Business

Management

Seat of power— Tokyo

Preface

As the battle for control of Japanese furniture company Otsuka Kagu reaches a climax, the family members at the heart of the feud represent a major issue facing corporate governance in Japan today says Monocle’s Fiona Wilson.

Japan, Otsuka Kagu, Corporate governance, Family-owned firm, Furniture, Shareholders, Takeover

26 March 2015

The travails of Otsuka Kagu, one of Japan’s biggest furniture retailers, have gripped the press here for months now. At the centre are two protagonists: the 71-year-old founder of the company, Katsuhisa Otsuka, and his 47-year-old daughter Kumiko, who succeeded him as president and was in charge for five years until her father removed her last summer. The pair are now locked in a fierce battle to control the company and it looks like it will all come to a head at a shareholders meeting tomorrow, when both will be presenting a future for the company that doesn’t involve the other.

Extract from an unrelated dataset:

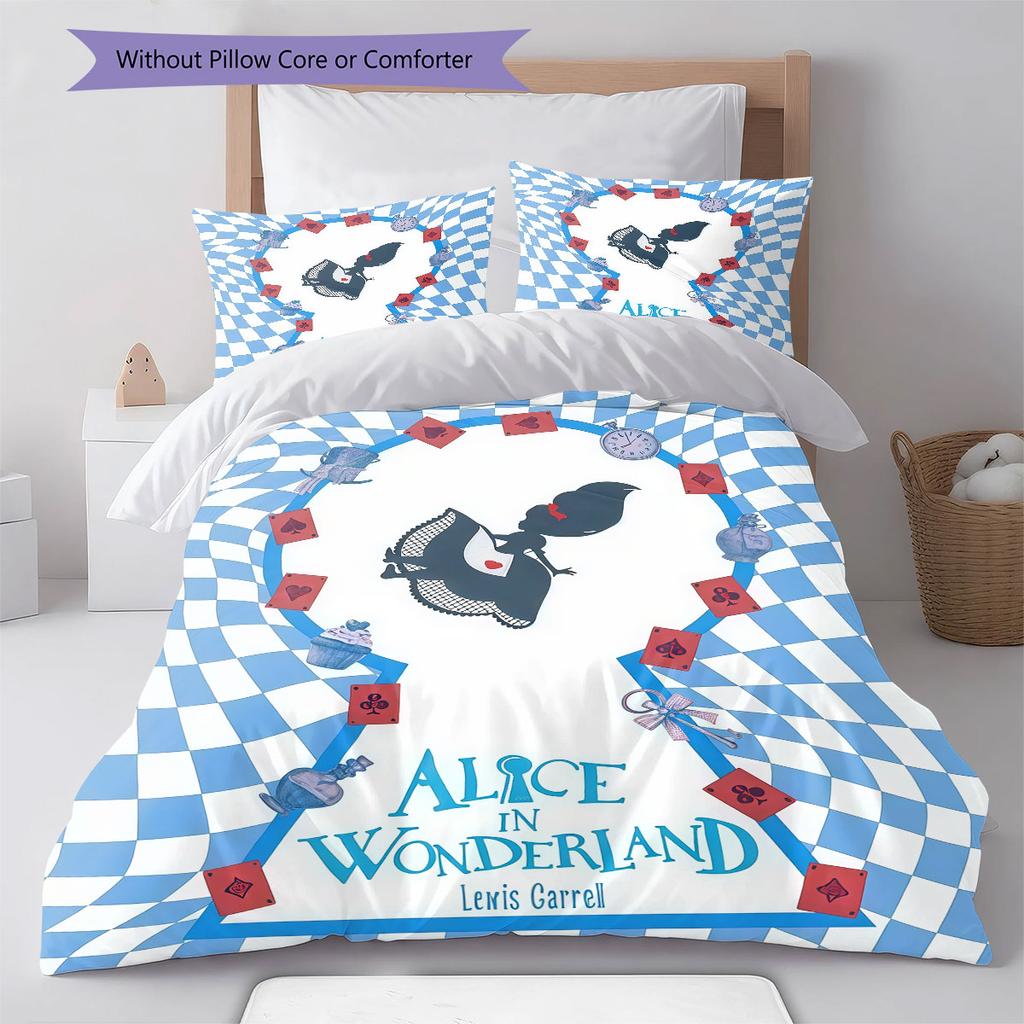 Alice Wonderland Dream Bedding Quilt Set Quilt Cover Pillowcase Home Decoration Birthday Gift (1 * Duvet Cover + 2 * Pillowcase, Without Core)
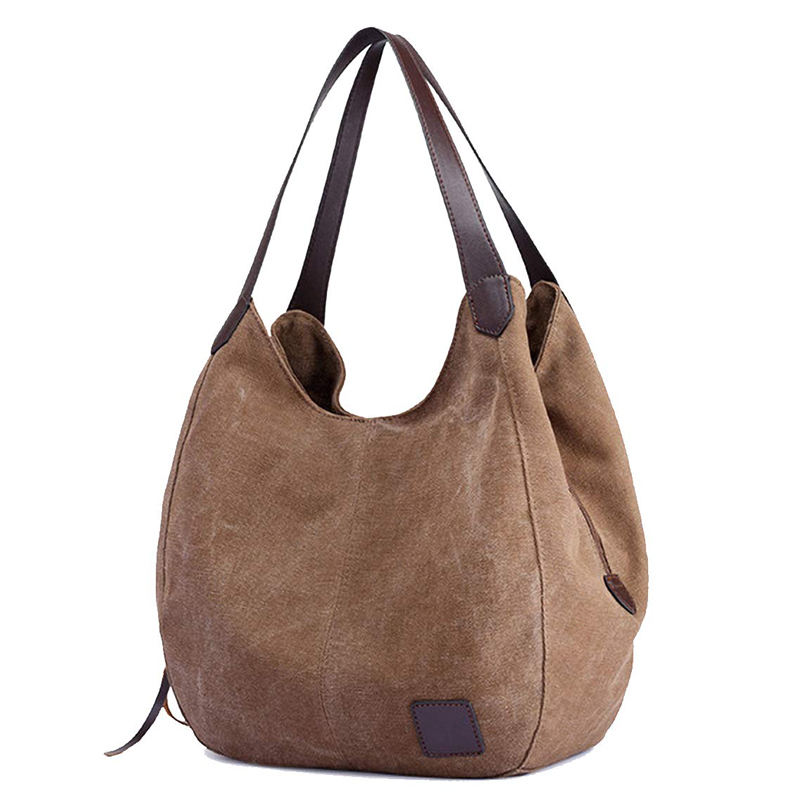 튼튼한 16oz 화포 끈달린 어깨에 매는 가방 여자 핸드백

Katsuhisa Otuska started the business in 1969 and built it into a powerful chain with more than a dozen showrooms. The business was riding high until the financial crisis hit. That, and the small matter of an insider-trading scandal, encouraged Otsuka to hand over the reins to his daughter in 2009. She returned the business to profitability but in the process moved away from her father’s core business strategy of keeping to the top end of the market. Katsuhisa Otsuka was furious and last July reappointed himself as president. The drama has continued to unfold ever since, with various twists and turns including Kumiko’s own reappointment as president in January, something her father referred to as a “coup”.

If you went in to the vast Otsuka Kagu showroom in Shinjuku 10 years ago, it was an unusual shopping experience. You couldn’t simply browse and buy – you had to sign in as a member at the front desk and then be shown around by a consultant. Katsuhisa Otsuka was convinced that this was the best way to provide good service to customers and for many years it worked. Otsuka dealt directly with furniture makers in Japan and abroad and the selection was broad but at the same time it was tailored to a different era when a young couple would go into one shop to kit out a house with beds and kitchen diner sets.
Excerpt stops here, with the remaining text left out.